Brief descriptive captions
________________

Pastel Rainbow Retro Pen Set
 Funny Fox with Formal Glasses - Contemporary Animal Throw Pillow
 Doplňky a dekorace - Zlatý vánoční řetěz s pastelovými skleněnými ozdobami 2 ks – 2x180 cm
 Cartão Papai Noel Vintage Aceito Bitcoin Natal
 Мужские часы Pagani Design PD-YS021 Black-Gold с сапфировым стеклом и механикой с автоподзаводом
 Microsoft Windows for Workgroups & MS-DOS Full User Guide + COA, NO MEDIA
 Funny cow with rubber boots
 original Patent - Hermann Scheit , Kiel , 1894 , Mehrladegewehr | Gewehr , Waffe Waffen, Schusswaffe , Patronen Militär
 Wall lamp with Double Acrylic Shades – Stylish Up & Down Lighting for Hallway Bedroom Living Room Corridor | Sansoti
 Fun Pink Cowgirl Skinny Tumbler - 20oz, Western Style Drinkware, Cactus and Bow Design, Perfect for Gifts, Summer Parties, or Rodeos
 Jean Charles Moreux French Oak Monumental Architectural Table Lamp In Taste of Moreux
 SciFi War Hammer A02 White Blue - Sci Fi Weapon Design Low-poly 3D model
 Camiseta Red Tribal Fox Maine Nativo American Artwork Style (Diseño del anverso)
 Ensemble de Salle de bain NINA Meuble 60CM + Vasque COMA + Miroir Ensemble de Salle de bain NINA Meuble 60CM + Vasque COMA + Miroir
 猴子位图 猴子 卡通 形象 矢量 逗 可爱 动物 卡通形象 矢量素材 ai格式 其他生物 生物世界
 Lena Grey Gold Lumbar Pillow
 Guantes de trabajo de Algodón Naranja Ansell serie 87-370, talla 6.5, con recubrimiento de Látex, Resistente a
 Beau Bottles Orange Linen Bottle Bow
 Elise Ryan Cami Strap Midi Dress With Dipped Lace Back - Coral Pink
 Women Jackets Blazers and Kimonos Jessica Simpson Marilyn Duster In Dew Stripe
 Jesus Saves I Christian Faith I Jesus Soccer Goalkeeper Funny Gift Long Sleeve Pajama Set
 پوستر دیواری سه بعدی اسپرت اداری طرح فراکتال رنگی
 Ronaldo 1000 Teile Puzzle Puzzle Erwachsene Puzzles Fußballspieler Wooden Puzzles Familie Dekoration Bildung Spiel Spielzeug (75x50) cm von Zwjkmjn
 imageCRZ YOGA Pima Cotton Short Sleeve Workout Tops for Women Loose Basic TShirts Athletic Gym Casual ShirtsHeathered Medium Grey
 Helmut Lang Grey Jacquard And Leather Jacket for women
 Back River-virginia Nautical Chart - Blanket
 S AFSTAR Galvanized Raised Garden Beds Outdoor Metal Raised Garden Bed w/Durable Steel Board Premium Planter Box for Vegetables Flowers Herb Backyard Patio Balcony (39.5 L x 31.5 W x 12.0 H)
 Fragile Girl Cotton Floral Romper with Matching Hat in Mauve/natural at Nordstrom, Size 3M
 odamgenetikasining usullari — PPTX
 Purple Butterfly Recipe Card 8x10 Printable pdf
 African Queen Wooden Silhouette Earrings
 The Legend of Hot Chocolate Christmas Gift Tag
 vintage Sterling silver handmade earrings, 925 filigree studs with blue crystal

________________

Requirement:
Reproduce, exactly as they stand in the data above, the lines from the one that holds "猴子位图 猴子 卡通 形象" to the one that holds "پوستر دیواری سه", inclusive.

Result for this exercise:
 猴子位图 猴子 卡通 形象 矢量 逗 可爱 动物 卡通形象 矢量素材 ai格式 其他生物 生物世界
 Lena Grey Gold Lumbar Pillow
 Guantes de trabajo de Algodón Naranja Ansell serie 87-370, talla 6.5, con recubrimiento de Látex, Resistente a
 Beau Bottles Orange Linen Bottle Bow
 Elise Ryan Cami Strap Midi Dress With Dipped Lace Back - Coral Pink
 Women Jackets Blazers and Kimonos Jessica Simpson Marilyn Duster In Dew Stripe
 Jesus Saves I Christian Faith I Jesus Soccer Goalkeeper Funny Gift Long Sleeve Pajama Set
 پوستر دیواری سه بعدی اسپرت اداری طرح فراکتال رنگی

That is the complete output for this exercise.